BEGIN

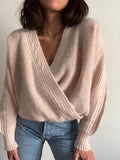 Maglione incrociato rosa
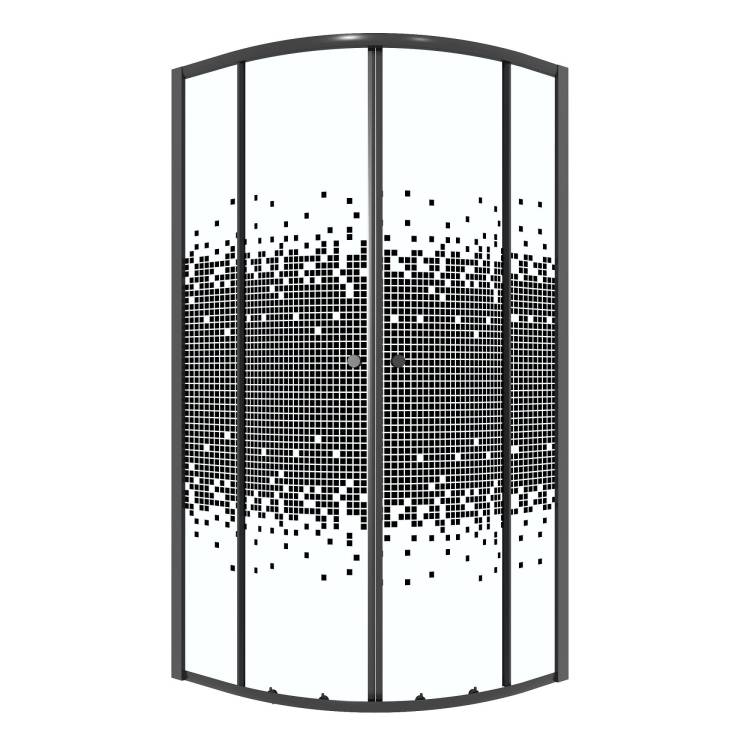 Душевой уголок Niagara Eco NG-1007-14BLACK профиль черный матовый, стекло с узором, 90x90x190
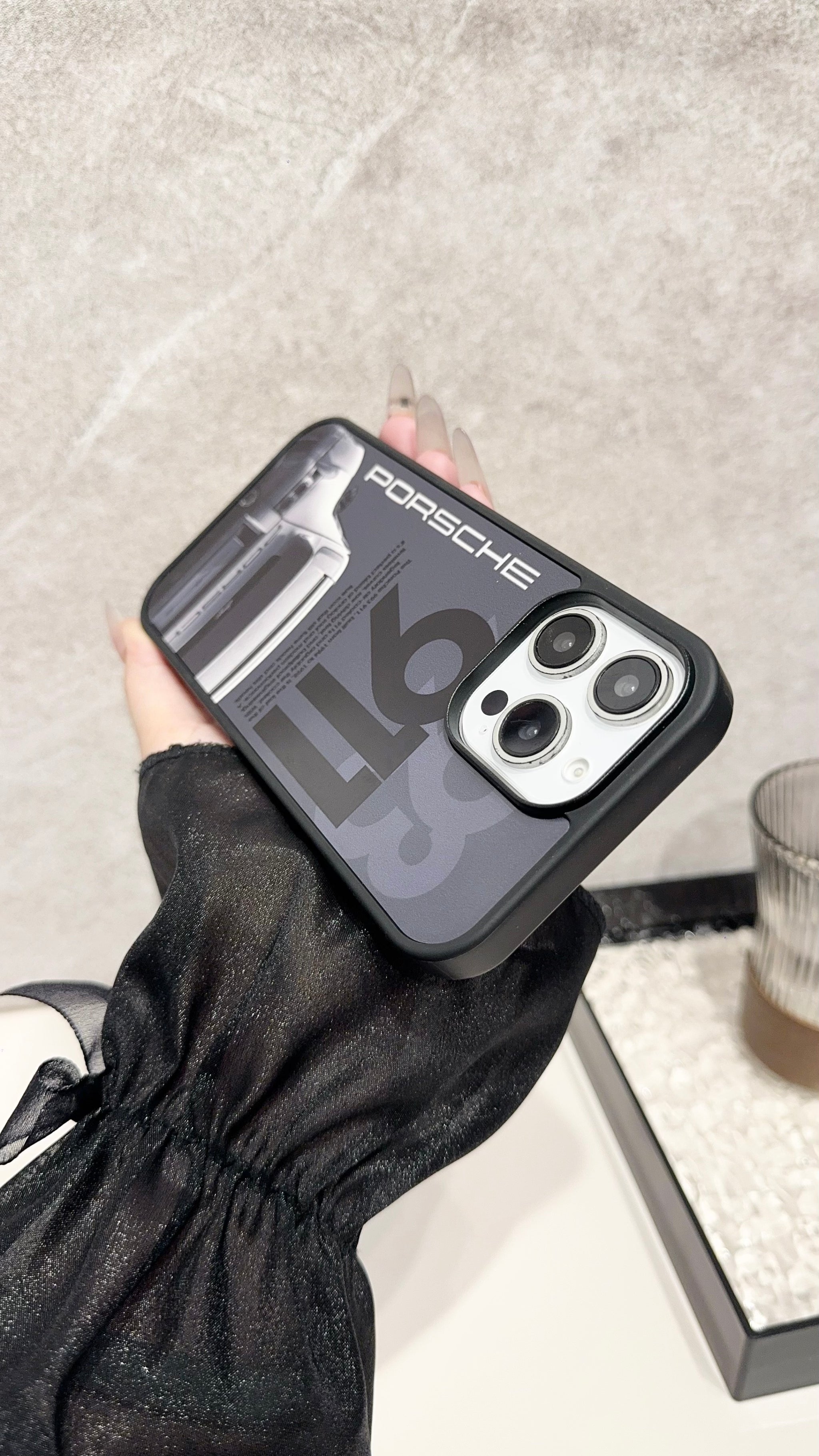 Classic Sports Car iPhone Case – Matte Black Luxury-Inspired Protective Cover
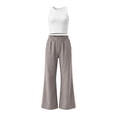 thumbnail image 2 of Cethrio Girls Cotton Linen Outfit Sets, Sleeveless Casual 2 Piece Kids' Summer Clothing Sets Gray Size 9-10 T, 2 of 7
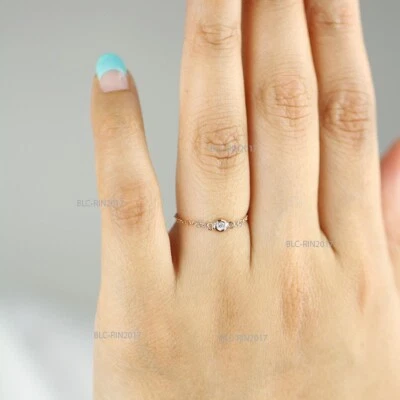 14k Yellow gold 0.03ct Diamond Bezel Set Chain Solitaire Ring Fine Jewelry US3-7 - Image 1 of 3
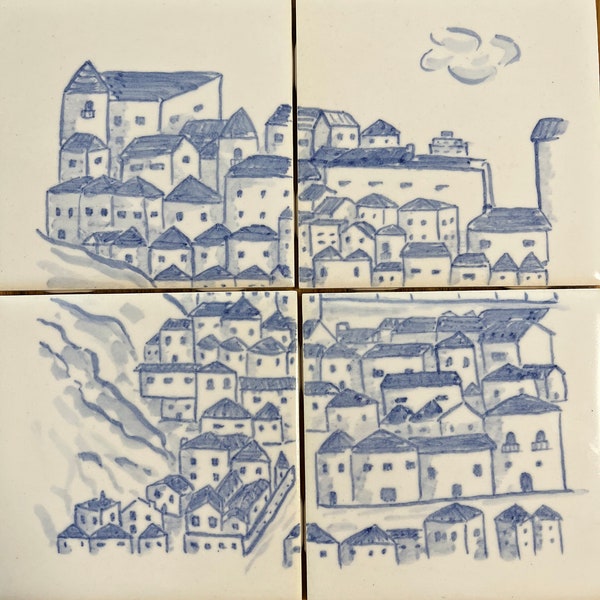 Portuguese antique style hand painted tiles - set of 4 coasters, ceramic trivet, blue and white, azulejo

END

== DESCRIPTION OF THE TASK ==
What you return must be every entry, word for word, without any pictures.

== EXPECTED ANSWER ==
 Maglione incrociato rosa
 Душевой уголок Niagara Eco NG-1007-14BLACK профиль черный матовый, стекло с узором, 90x90x190
 Classic Sports Car iPhone Case – Matte Black Luxury-Inspired Protective Cover
 thumbnail image 2 of Cethrio Girls Cotton Linen Outfit Sets, Sleeveless Casual 2 Piece Kids' Summer Clothing Sets Gray Size 9-10 T, 2 of 7
 14k Yellow gold 0.03ct Diamond Bezel Set Chain Solitaire Ring Fine Jewelry US3-7 - Image 1 of 3
 Portuguese antique style hand painted tiles - set of 4 coasters, ceramic trivet, blue and white, azulejo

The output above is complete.